問題は全100問と多いが、どの問題も読む分量は1~2分程度、推理する時間に3~4分程度あればおそらく解けるだろうといった、それほど時間をかけることなく楽しめるものなので、ちょっとした合間の息抜きなどにも使えるゲームだ。
問題文と出題内容をよく読み、推理し、矛盾点や嘘の証言などが書かれた部分をタップしよう。

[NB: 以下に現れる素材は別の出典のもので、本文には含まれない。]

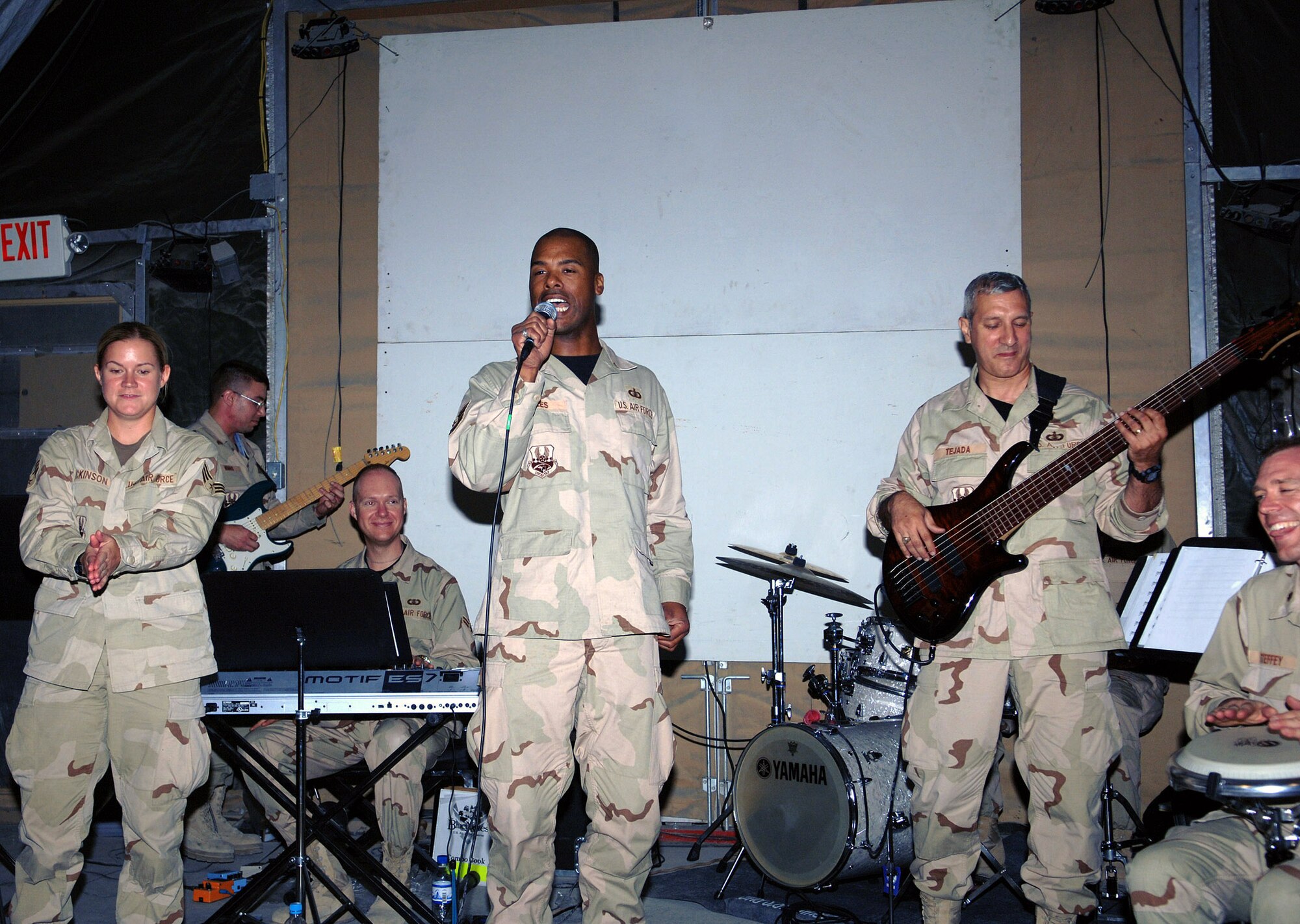 U.S. Central Command Air Forces Band members Senior Airman Helen Dickinson, Airman 1st Class Robert Barnes, Tech. Sgt. Aaron Miles, Tech. Sgt. Doug Tejada, and Maj. Chad Steffey perform in the recreation tent June 19 in Camp Cunningham at Bagram Air Base, Afghanistan. Airman Dickinson and Sergeant Miles are vocalists, Airman Barnes is a keyboardist, Sergeant Tejada is a bass player, and Major Steffey is percussionist and the CENTAF band commander. The CENTAF Band is scheduled to perform at Bagram AB July 3. (U.S. Air Force photo/Staff Sgt. Craig Seals)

指摘した個所が正解なら、問題クリアとなり、次の問題文へと移っていく。
不正解の場合でも、回答は無制限なので、いくらでも再挑戦が可能。
ヒントは3回まで確認することができ、ツイッターでアプリの情報をシェアすると、問題の答えを見ることもできる。ギブアップの場合は宣伝に協力してみよう。
グラフィックやBGMなど
基本的には文字しかない作品であるが、時折見える主人公の渋めのキャラクター絵など、ハードボイルド小説風の雰囲気が漂っている。
クオリティ的にはシンプルゲーム・カジュアルゲーム程度のもので、取り立てて秀でたものはない。ただそれはかえって、余計なものを削ぎ落としたような、スッキリとしたデザイン、あるいはスタイリッシュなゲームとして、成立させているようにも思える。
総合評価
まずは作品の作り方や雰囲気からして、ミステリ小説ファン、あるいは推理ゲームファンなどにオススメできるゲームといえる。
全100問というボリュームながら、どの問題も2~3分もあれば読み切れるだろう分量なので、1問1問を空いた時間などにサックリと読んだり解いたりできるようになっていて、気楽に推理ゲームを楽しむことができるだろう。
ただそのような分量からして、ノベルゲームファンなど、ガッツリ活字を読み込みたい人などにはちょっとオススメできない。
また問題も、あまりにも簡単すぎるものがほとんどだし、どこかで目にしたようなトリックや犯行内容ばかりなので、ミステリ小説ファンだからこそ物足りなさや不満を感じてしまうこともあるかも。
そして問題の中には、明らかに間違っているとしか思えない答えや、こじつけとしか思えない答え、さらには答えと全く同じ内容が書かれている箇所を指しているのに不合格になったりするものなどがあり、コアな推理ゲームファンの中には腹を立ててしまうような人もいるかも。
そうした推理に関する箇所以外にも、会話文や前置きなどで言い回しがおかしかったりチープだったりするなど、全体的に文章が甘いというのも残念。もう少しキッチリとしたテキストを読ませてほしかった。
ただそのレベルが低めのテキストなだけに、それほど高い読解力が必要にはならないので、中学生以上の国語力程度さえあれば、誰でも挑戦することができるゲームとして、成立しているのだともいえる。
移動時間の暇つぶしや適度な脳トレなどに最適のゲームだろう。